Some Of The Most Popular ‘Ukraine Footage’ Is Actually A Video Game

ArmA III, a video game that in the right circumstances can look pretty realistic, has a long history of turning up on news broadcasts and being either confused with or intentionally used in place of actual camera footage of real-world events. That trend is continuing in the current crisis in Ukraine.

As Bloomberg report, some of the most-viewed videos on Facebook’s gaming channel today were a number of clips purporting to be of military action taking place in Ukraine, “watched by more than 110,000 people and shared more than 25,000 times” before they were taken down by Facebook.

The same videos are also circulating on other social media, including Twitter; here’s one of the clips, posted with the text “Ukraine fires missiles to intercept Russian aircraft’s artillery fire”, though really it’s some Arma III footage:

UPDATE: Twitter has now removed both the video and the tweet itself, though you can see a part of it in the gif at the top of this story.

At time of posting that tweet has 11,000 likes and almost 2000 retweets. It’s easy for you and I to sit here and say “well of course that’s a video game”, but not everyone is familiar with ArmA’s attention to detail and visual fidelity. And remember, the smaller/blurrier these videos get on social media, the easier they are to pass off as actual footage.
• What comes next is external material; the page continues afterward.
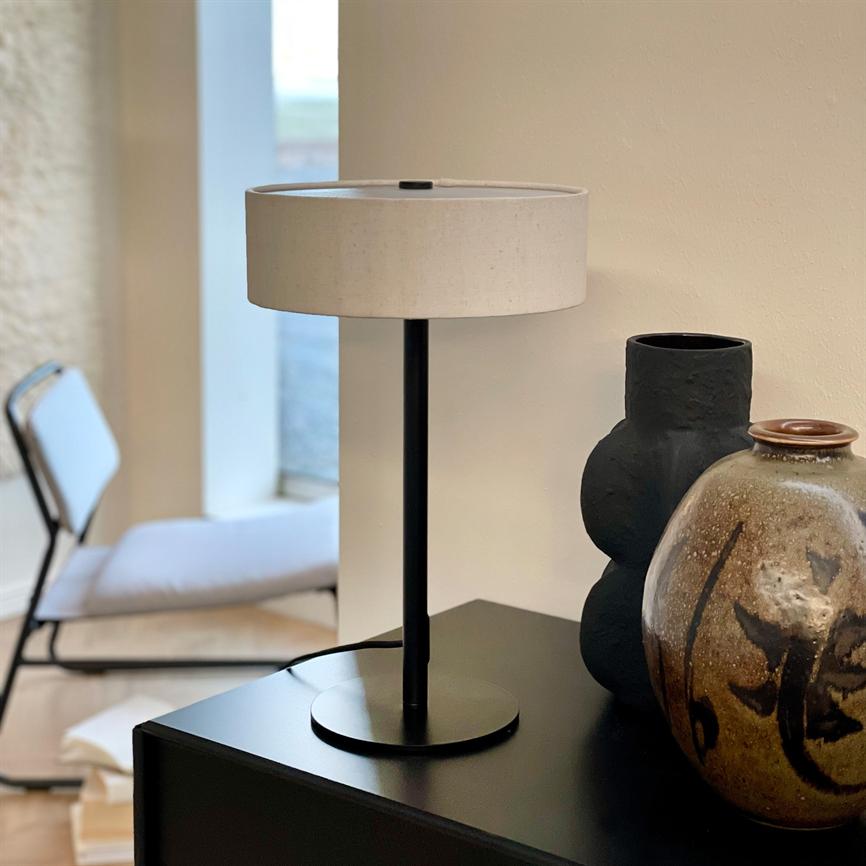 En bordlampe med sort metalfod og hvid skærm står på et sort skab ved siden af to keramiske vaser; i baggrunden ses en stol og vindue i lyst rum.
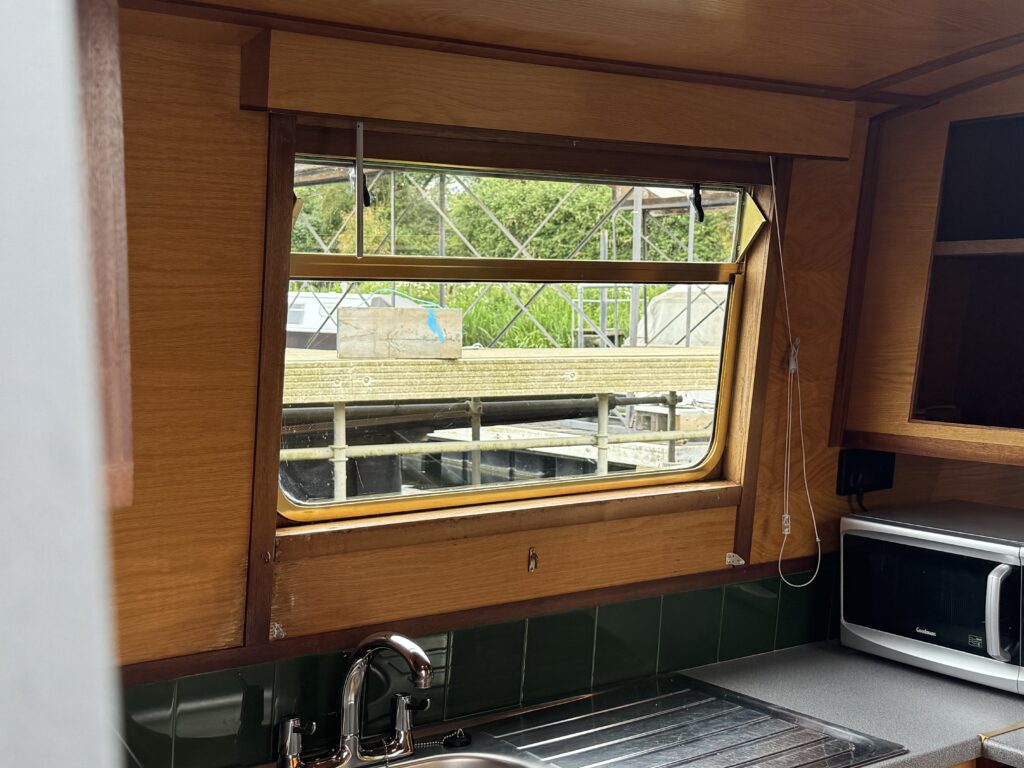 An interior view of a wooden cabin with a window showing a dock outside. The window is partially open, revealing green surroundings and a structure in the background. A stainless steel sink and a microwave are visible in the kitchen area below the window.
This also speaks to a wider problem that anyone who has been online in the last 24 hours (or last 10 years) will have seen unfolding: any coverage of the invasion that allows input from the community is overflowing with opportunists looking for engagement (no matter how inaccurate the content they’re actually sharing is) and agents seeking to confuse and direct attention away from what’s actually happening.

It makes it hard to be able to tell what’s real and what’s not when looking at this stuff online, which is why sites like Facebook (see below) are trying to actually do something proactive and real-time for once, using human beings, to try and moderate things:

Like I said, this isn’t the first time ArmA III footage has been misused in a time of crisis. Russian news was caught using it for a story on Syria in 2018 and tried passing it off as a “human error”, though Russian use of video game footage in 2017 to allege the US was supporting ISIS didn’t help their case.

Use this as a reminder that if you’re looking at stuff about Ukraine on social media, check then triple-check the sources and content before engaging with and/or sharing it.